+++ INPUT DATA

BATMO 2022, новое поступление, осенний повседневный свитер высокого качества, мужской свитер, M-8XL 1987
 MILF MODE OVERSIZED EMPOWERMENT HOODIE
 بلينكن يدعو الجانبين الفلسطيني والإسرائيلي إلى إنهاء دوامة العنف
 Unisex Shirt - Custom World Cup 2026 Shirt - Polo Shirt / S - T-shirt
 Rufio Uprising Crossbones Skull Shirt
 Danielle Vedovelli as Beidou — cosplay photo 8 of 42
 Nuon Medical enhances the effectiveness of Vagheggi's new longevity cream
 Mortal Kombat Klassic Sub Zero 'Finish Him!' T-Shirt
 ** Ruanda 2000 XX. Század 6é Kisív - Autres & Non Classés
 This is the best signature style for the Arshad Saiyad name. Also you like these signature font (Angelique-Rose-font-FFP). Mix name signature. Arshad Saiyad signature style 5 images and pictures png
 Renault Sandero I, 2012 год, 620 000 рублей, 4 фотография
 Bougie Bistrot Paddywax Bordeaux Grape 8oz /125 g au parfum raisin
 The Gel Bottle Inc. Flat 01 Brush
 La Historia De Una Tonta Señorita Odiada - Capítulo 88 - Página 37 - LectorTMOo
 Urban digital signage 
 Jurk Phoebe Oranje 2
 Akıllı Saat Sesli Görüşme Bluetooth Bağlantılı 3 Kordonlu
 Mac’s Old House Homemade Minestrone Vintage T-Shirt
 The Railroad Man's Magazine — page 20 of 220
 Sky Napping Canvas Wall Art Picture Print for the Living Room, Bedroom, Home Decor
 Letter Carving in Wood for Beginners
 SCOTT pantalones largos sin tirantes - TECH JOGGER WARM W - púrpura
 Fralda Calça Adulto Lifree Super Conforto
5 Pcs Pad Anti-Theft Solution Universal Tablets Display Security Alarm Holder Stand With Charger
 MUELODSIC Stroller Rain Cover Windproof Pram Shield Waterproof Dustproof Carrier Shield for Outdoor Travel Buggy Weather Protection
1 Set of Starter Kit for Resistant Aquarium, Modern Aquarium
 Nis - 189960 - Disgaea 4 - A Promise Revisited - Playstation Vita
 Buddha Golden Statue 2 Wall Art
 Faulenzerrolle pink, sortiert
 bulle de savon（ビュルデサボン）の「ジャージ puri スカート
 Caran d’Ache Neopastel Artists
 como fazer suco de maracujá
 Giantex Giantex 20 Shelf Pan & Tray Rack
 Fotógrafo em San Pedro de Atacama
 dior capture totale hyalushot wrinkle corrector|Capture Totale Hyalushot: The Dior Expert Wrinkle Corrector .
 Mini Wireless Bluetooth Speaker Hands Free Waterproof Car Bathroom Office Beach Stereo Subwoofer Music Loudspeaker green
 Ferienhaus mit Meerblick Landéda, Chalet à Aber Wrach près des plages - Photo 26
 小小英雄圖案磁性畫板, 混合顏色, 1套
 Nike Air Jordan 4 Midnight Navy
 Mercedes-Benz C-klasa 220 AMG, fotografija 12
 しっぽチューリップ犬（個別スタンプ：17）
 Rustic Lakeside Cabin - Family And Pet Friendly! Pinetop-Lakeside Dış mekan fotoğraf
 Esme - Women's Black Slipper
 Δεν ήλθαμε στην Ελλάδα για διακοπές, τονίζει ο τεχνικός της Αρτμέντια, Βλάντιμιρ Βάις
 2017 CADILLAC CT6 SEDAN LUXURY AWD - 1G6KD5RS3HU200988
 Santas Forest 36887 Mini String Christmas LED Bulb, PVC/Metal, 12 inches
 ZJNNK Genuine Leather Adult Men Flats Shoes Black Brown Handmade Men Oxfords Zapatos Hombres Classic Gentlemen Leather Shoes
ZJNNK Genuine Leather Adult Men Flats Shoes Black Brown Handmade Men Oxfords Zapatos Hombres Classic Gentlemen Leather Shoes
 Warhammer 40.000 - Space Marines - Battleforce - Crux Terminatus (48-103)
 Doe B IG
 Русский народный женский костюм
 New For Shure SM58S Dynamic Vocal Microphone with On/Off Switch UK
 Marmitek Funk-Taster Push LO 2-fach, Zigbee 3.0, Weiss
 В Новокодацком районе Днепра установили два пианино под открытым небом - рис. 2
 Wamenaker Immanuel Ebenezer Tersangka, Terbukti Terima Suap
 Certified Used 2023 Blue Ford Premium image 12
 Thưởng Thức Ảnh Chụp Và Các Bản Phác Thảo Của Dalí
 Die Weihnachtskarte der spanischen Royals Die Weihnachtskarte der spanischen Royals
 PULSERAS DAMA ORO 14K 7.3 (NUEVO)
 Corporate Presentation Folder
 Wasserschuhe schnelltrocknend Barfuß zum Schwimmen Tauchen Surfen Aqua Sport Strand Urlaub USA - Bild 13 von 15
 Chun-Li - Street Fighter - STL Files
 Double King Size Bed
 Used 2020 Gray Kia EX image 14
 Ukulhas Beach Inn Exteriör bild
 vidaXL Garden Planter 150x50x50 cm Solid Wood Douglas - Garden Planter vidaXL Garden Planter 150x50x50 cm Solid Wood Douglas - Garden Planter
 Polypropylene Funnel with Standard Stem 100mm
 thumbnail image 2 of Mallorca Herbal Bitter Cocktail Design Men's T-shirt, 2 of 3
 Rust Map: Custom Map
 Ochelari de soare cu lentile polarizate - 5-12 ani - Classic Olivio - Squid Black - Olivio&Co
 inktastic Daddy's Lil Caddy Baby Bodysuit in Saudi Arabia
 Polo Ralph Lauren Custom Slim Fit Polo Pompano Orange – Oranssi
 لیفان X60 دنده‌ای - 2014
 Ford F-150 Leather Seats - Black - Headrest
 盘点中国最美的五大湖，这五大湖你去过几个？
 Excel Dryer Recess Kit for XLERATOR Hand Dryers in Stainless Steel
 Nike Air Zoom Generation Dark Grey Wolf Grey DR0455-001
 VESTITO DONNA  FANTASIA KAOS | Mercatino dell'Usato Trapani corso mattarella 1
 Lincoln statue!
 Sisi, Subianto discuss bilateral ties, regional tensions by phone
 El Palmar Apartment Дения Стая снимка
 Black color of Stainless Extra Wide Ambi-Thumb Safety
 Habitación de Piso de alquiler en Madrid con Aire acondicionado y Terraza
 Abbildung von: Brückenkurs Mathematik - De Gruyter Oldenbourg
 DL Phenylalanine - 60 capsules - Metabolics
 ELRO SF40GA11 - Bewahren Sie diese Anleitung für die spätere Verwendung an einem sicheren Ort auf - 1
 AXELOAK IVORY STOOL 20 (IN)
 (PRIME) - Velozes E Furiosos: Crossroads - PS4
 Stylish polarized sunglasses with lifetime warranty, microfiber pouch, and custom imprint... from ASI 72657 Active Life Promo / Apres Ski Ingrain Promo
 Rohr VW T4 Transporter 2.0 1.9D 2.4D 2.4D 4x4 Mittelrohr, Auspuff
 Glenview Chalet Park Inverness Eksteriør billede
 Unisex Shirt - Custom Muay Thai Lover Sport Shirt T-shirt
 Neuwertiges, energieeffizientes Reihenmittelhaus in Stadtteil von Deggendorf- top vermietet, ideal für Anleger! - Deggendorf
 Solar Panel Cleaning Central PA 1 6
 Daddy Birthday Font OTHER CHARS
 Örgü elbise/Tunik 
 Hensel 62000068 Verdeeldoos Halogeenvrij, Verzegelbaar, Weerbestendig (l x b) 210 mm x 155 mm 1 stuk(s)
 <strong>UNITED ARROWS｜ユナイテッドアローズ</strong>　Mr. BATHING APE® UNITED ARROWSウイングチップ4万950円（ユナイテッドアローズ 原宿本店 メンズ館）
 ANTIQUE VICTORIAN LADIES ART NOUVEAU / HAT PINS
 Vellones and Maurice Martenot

++++++

◆ WHAT TO DO ◆
All of the lines above should be returned exactly as written.

◆ REPLY TO THE EXERCISE ◆
BATMO 2022, новое поступление, осенний повседневный свитер высокого качества, мужской свитер, M-8XL 1987
 MILF MODE OVERSIZED EMPOWERMENT HOODIE
 بلينكن يدعو الجانبين الفلسطيني والإسرائيلي إلى إنهاء دوامة العنف
 Unisex Shirt - Custom World Cup 2026 Shirt - Polo Shirt / S - T-shirt
 Rufio Uprising Crossbones Skull Shirt
 Danielle Vedovelli as Beidou — cosplay photo 8 of 42
 Nuon Medical enhances the effectiveness of Vagheggi's new longevity cream
 Mortal Kombat Klassic Sub Zero 'Finish Him!' T-Shirt
 ** Ruanda 2000 XX. Század 6é Kisív - Autres & Non Classés
 This is the best signature style for the Arshad Saiyad name. Also you like these signature font (Angelique-Rose-font-FFP). Mix name signature. Arshad Saiyad signature style 5 images and pictures png
 Renault Sandero I, 2012 год, 620 000 рублей, 4 фотография
 Bougie Bistrot Paddywax Bordeaux Grape 8oz /125 g au parfum raisin
 The Gel Bottle Inc. Flat 01 Brush
 La Historia De Una Tonta Señorita Odiada - Capítulo 88 - Página 37 - LectorTMOo
 Urban digital signage 
 Jurk Phoebe Oranje 2
 Akıllı Saat Sesli Görüşme Bluetooth Bağlantılı 3 Kordonlu
 Mac’s Old House Homemade Minestrone Vintage T-Shirt
 The Railroad Man's Magazine — page 20 of 220
 Sky Napping Canvas Wall Art Picture Print for the Living Room, Bedroom, Home Decor
 Letter Carving in Wood for Beginners
 SCOTT pantalones largos sin tirantes - TECH JOGGER WARM W - púrpura
 Fralda Calça Adulto Lifree Super Conforto
5 Pcs Pad Anti-Theft Solution Universal Tablets Display Security Alarm Holder Stand With Charger
 MUELODSIC Stroller Rain Cover Windproof Pram Shield Waterproof Dustproof Carrier Shield for Outdoor Travel Buggy Weather Protection
1 Set of Starter Kit for Resistant Aquarium, Modern Aquarium
 Nis - 189960 - Disgaea 4 - A Promise Revisited - Playstation Vita
 Buddha Golden Statue 2 Wall Art
 Faulenzerrolle pink, sortiert
 bulle de savon（ビュルデサボン）の「ジャージ puri スカート
 Caran d’Ache Neopastel Artists
 como fazer suco de maracujá
 Giantex Giantex 20 Shelf Pan & Tray Rack
 Fotógrafo em San Pedro de Atacama
 dior capture totale hyalushot wrinkle corrector|Capture Totale Hyalushot: The Dior Expert Wrinkle Corrector .
 Mini Wireless Bluetooth Speaker Hands Free Waterproof Car Bathroom Office Beach Stereo Subwoofer Music Loudspeaker green
 Ferienhaus mit Meerblick Landéda, Chalet à Aber Wrach près des plages - Photo 26
 小小英雄圖案磁性畫板, 混合顏色, 1套
 Nike Air Jordan 4 Midnight Navy
 Mercedes-Benz C-klasa 220 AMG, fotografija 12
 しっぽチューリップ犬（個別スタンプ：17）
 Rustic Lakeside Cabin - Family And Pet Friendly! Pinetop-Lakeside Dış mekan fotoğraf
 Esme - Women's Black Slipper
 Δεν ήλθαμε στην Ελλάδα για διακοπές, τονίζει ο τεχνικός της Αρτμέντια, Βλάντιμιρ Βάις
 2017 CADILLAC CT6 SEDAN LUXURY AWD - 1G6KD5RS3HU200988
 Santas Forest 36887 Mini String Christmas LED Bulb, PVC/Metal, 12 inches
 ZJNNK Genuine Leather Adult Men Flats Shoes Black Brown Handmade Men Oxfords Zapatos Hombres Classic Gentlemen Leather Shoes
ZJNNK Genuine Leather Adult Men Flats Shoes Black Brown Handmade Men Oxfords Zapatos Hombres Classic Gentlemen Leather Shoes
 Warhammer 40.000 - Space Marines - Battleforce - Crux Terminatus (48-103)
 Doe B IG
 Русский народный женский костюм
 New For Shure SM58S Dynamic Vocal Microphone with On/Off Switch UK
 Marmitek Funk-Taster Push LO 2-fach, Zigbee 3.0, Weiss
 В Новокодацком районе Днепра установили два пианино под открытым небом - рис. 2
 Wamenaker Immanuel Ebenezer Tersangka, Terbukti Terima Suap
 Certified Used 2023 Blue Ford Premium image 12
 Thưởng Thức Ảnh Chụp Và Các Bản Phác Thảo Của Dalí
 Die Weihnachtskarte der spanischen Royals Die Weihnachtskarte der spanischen Royals
 PULSERAS DAMA ORO 14K 7.3 (NUEVO)
 Corporate Presentation Folder
 Wasserschuhe schnelltrocknend Barfuß zum Schwimmen Tauchen Surfen Aqua Sport Strand Urlaub USA - Bild 13 von 15
 Chun-Li - Street Fighter - STL Files
 Double King Size Bed
 Used 2020 Gray Kia EX image 14
 Ukulhas Beach Inn Exteriör bild
 vidaXL Garden Planter 150x50x50 cm Solid Wood Douglas - Garden Planter vidaXL Garden Planter 150x50x50 cm Solid Wood Douglas - Garden Planter
 Polypropylene Funnel with Standard Stem 100mm
 thumbnail image 2 of Mallorca Herbal Bitter Cocktail Design Men's T-shirt, 2 of 3
 Rust Map: Custom Map
 Ochelari de soare cu lentile polarizate - 5-12 ani - Classic Olivio - Squid Black - Olivio&Co
 inktastic Daddy's Lil Caddy Baby Bodysuit in Saudi Arabia
 Polo Ralph Lauren Custom Slim Fit Polo Pompano Orange – Oranssi
 لیفان X60 دنده‌ای - 2014
 Ford F-150 Leather Seats - Black - Headrest
 盘点中国最美的五大湖，这五大湖你去过几个？
 Excel Dryer Recess Kit for XLERATOR Hand Dryers in Stainless Steel
 Nike Air Zoom Generation Dark Grey Wolf Grey DR0455-001
 VESTITO DONNA  FANTASIA KAOS | Mercatino dell'Usato Trapani corso mattarella 1
 Lincoln statue!
 Sisi, Subianto discuss bilateral ties, regional tensions by phone
 El Palmar Apartment Дения Стая снимка
 Black color of Stainless Extra Wide Ambi-Thumb Safety
 Habitación de Piso de alquiler en Madrid con Aire acondicionado y Terraza
 Abbildung von: Brückenkurs Mathematik - De Gruyter Oldenbourg
 DL Phenylalanine - 60 capsules - Metabolics
 ELRO SF40GA11 - Bewahren Sie diese Anleitung für die spätere Verwendung an einem sicheren Ort auf - 1
 AXELOAK IVORY STOOL 20 (IN)
 (PRIME) - Velozes E Furiosos: Crossroads - PS4
 Stylish polarized sunglasses with lifetime warranty, microfiber pouch, and custom imprint... from ASI 72657 Active Life Promo / Apres Ski Ingrain Promo
 Rohr VW T4 Transporter 2.0 1.9D 2.4D 2.4D 4x4 Mittelrohr, Auspuff
 Glenview Chalet Park Inverness Eksteriør billede
 Unisex Shirt - Custom Muay Thai Lover Sport Shirt T-shirt
 Neuwertiges, energieeffizientes Reihenmittelhaus in Stadtteil von Deggendorf- top vermietet, ideal für Anleger! - Deggendorf
 Solar Panel Cleaning Central PA 1 6
 Daddy Birthday Font OTHER CHARS
 Örgü elbise/Tunik 
 Hensel 62000068 Verdeeldoos Halogeenvrij, Verzegelbaar, Weerbestendig (l x b) 210 mm x 155 mm 1 stuk(s)
 <strong>UNITED ARROWS｜ユナイテッドアローズ</strong>　Mr. BATHING APE® UNITED ARROWSウイングチップ4万950円（ユナイテッドアローズ 原宿本店 メンズ館）
 ANTIQUE VICTORIAN LADIES ART NOUVEAU / HAT PINS
 Vellones and Maurice Martenot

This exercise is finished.